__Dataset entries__
>>>

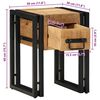 vidaXL Table d'appoint 30 x 30 x 40 cm Bois de mangue massif et métal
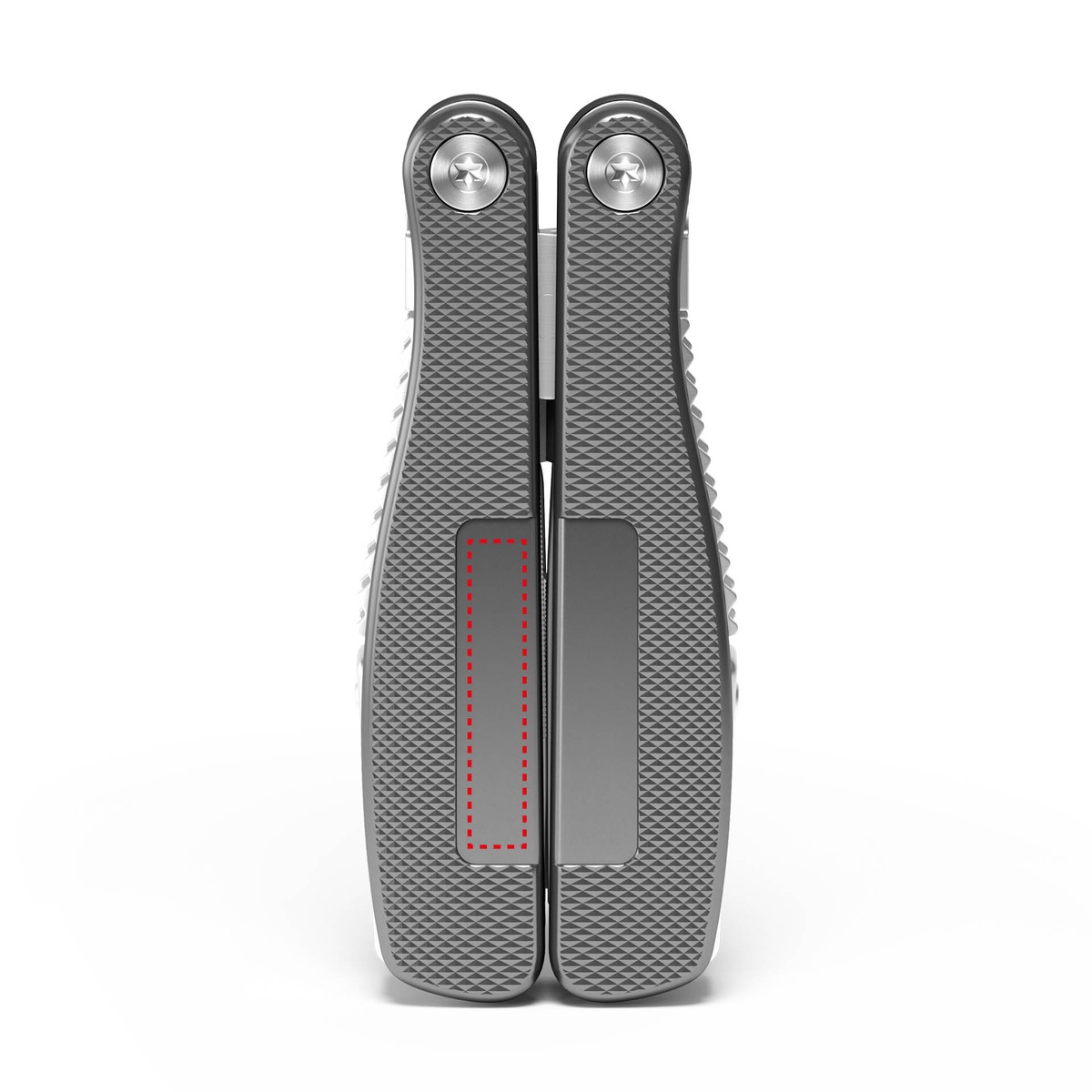 Auf dem Griff Vorderseite links (0,6 x 2,6 cm)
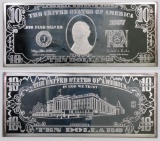 1997 The Washington Mint 4oz. Hamilton .999 Fine Silver Ingot.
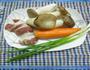 杏鲍菇炒肉的做法图解1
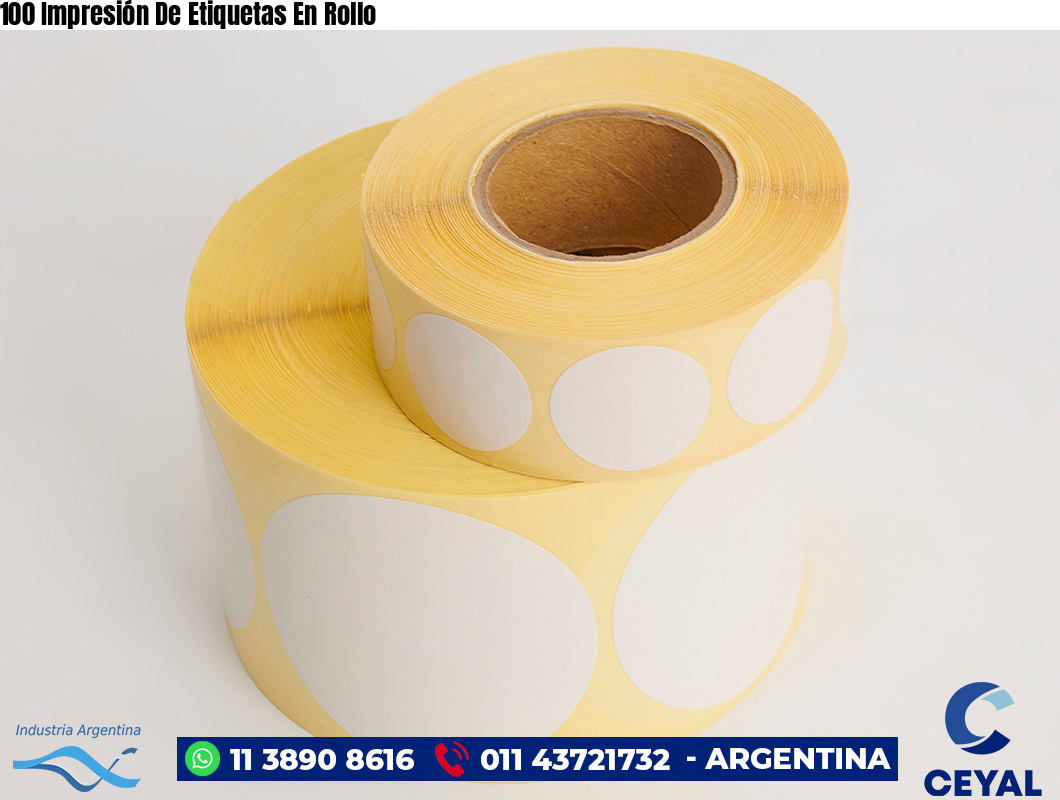100 Impresión De Etiquetas En Rollo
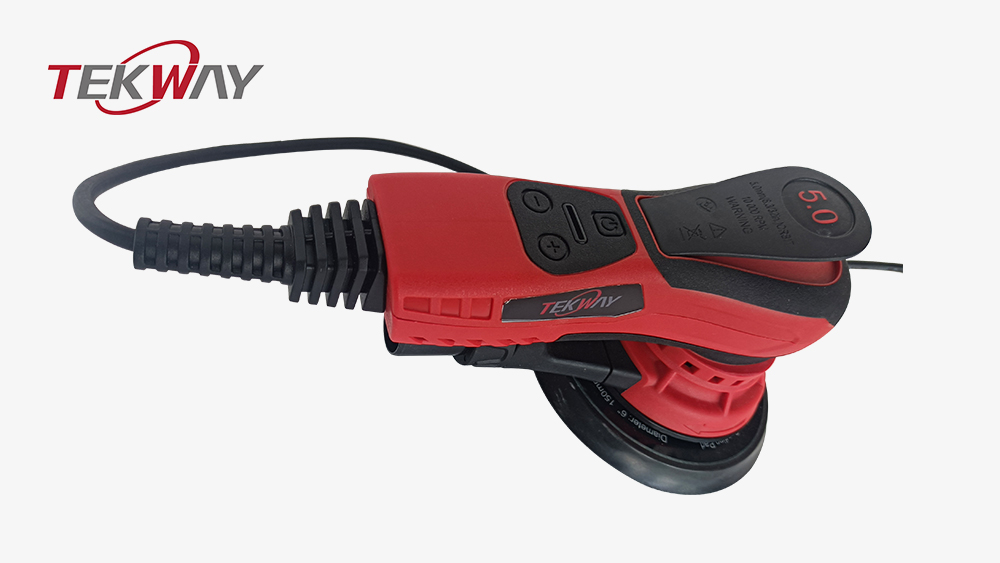 Tekway 350w elektryczna 6-calowa szlifierka orbitalna z silnikiem bezszczotkowym 3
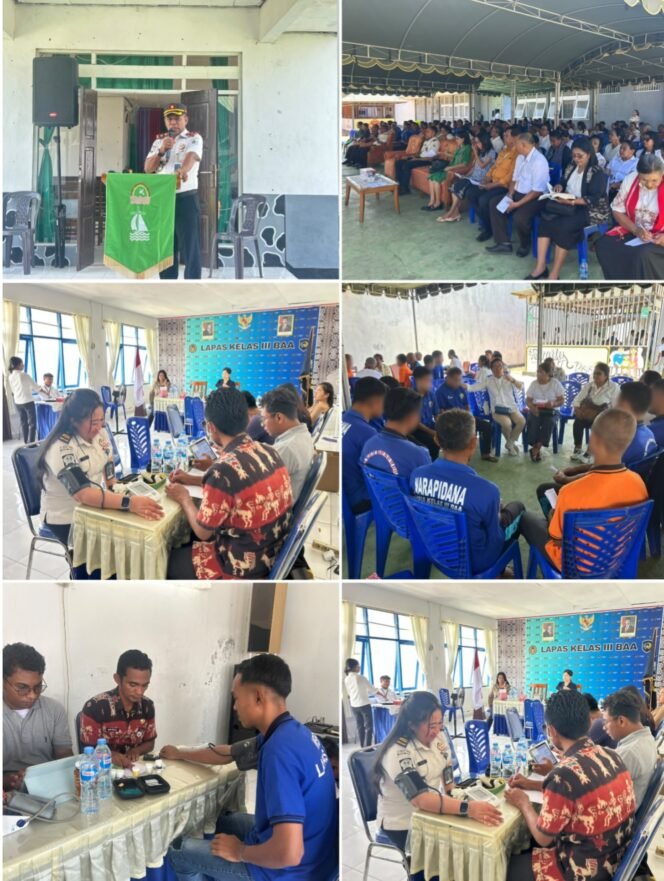 
Peringati HUT ke-25 Persekutuan Doa GMIT, Sinode GMIT Gelar Pelayanan Pastoral dan Pengobatan Gratis di Lapas Ba’a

<<<

__Brief__
Working from the entries above, please transcribe only the lines from the line with "1997 The Washington" through the line with "Tekway 350w elektryczna", exactly, with both end lines and without pictures.

__Solution for this exercise__
 1997 The Washington Mint 4oz. Hamilton .999 Fine Silver Ingot.
 杏鲍菇炒肉的做法图解1
100 Impresión De Etiquetas En Rollo
 Tekway 350w elektryczna 6-calowa szlifierka orbitalna z silnikiem bezszczotkowym 3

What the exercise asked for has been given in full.